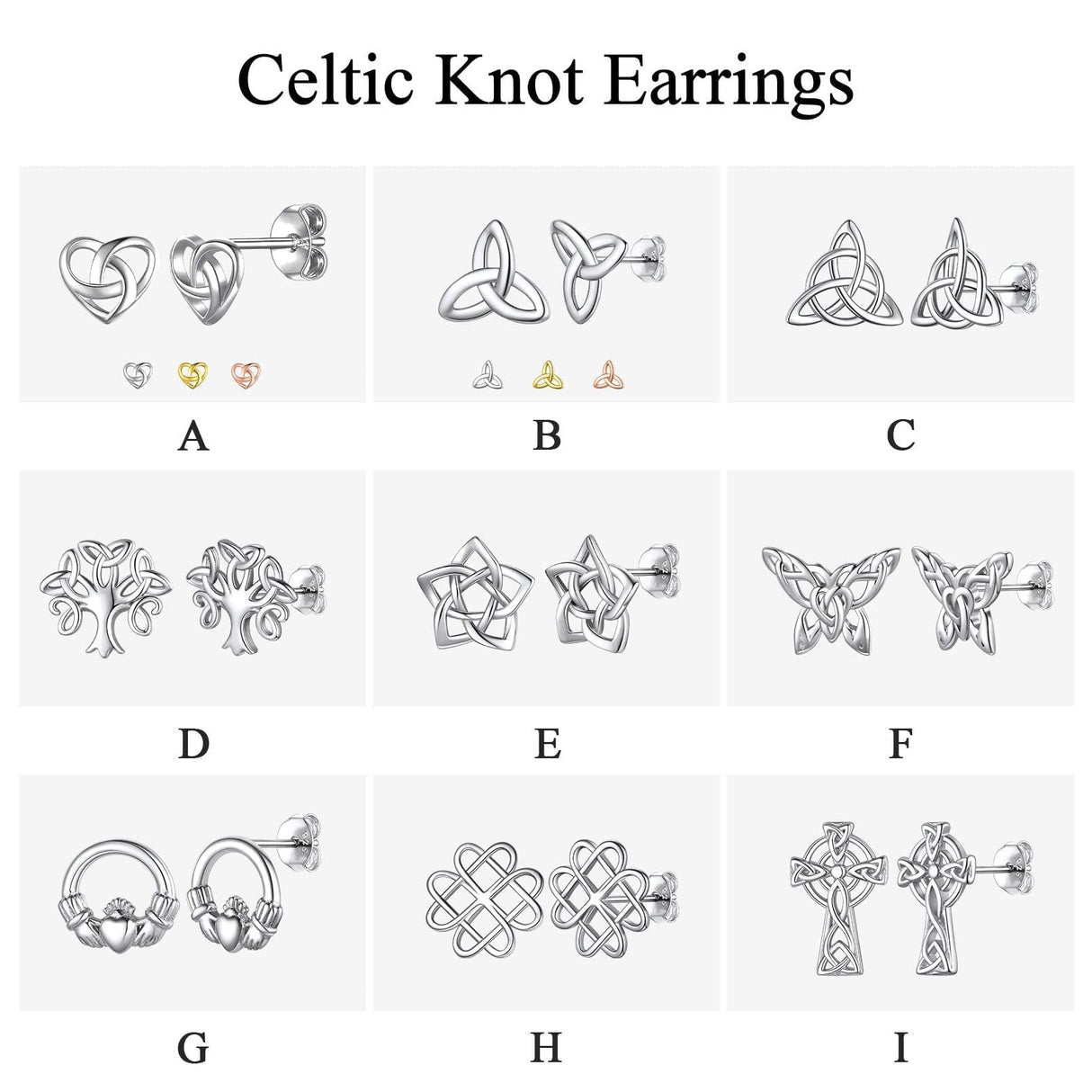 ChicSilver Sterling Silver Stud Earrings for Women Hypoallergenic Celtic Earrings Vintage Triquetra Triangle Studs Earrings Dainty Small Irish Jewelry for Women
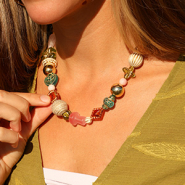 NEW Acrylic beads with gold-tone details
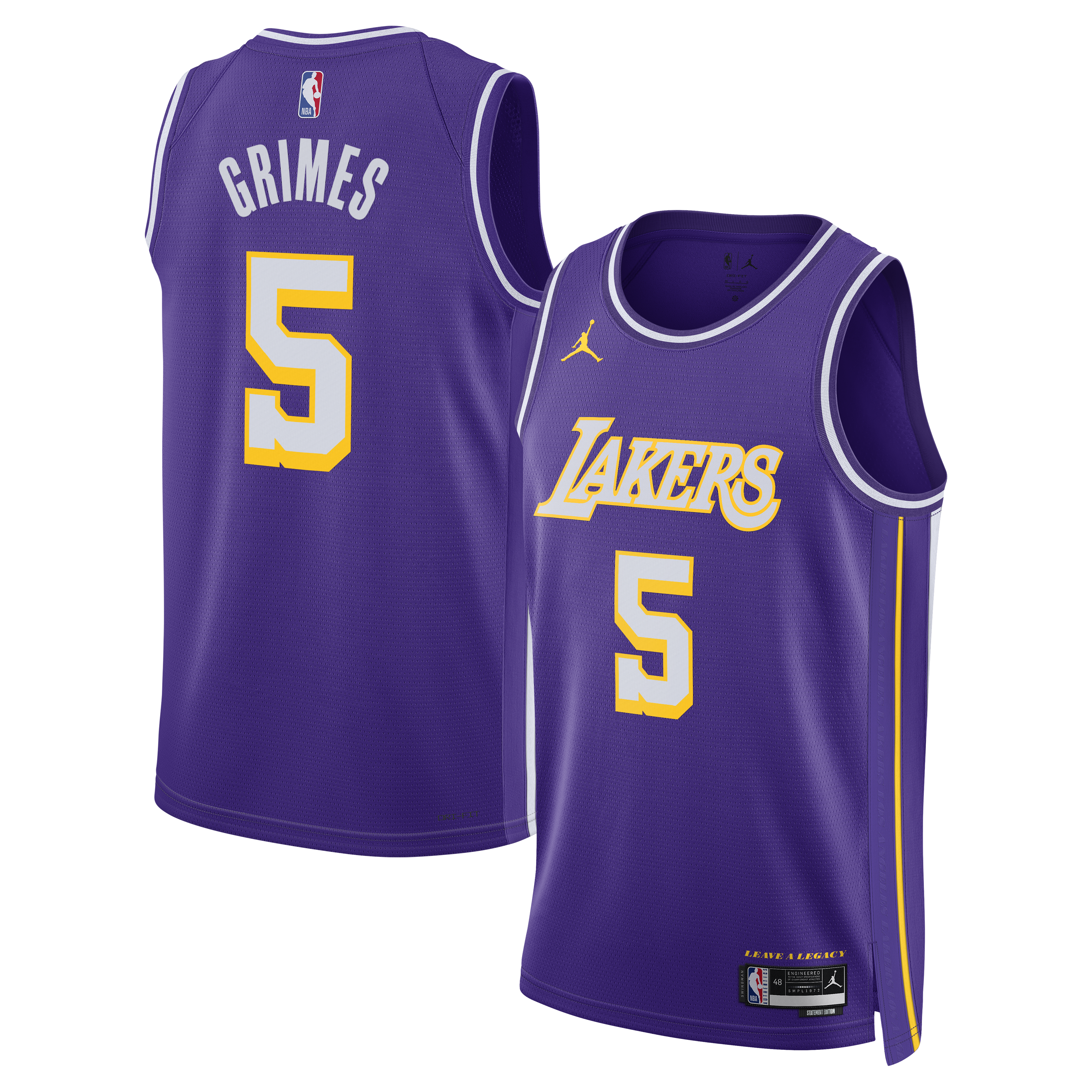 Los Angeles Lakers Jordan Brand Statement Edition Jersey - Purple - Quentin Grimes - Unisex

══════════

Nothing but the lines from the line with "NEW Acrylic beads with gold-tone details" through the last line of the listing above should be repeated, and pictures should be left out.

• _Reply_
 NEW Acrylic beads with gold-tone details
 Los Angeles Lakers Jordan Brand Statement Edition Jersey - Purple - Quentin Grimes - Unisex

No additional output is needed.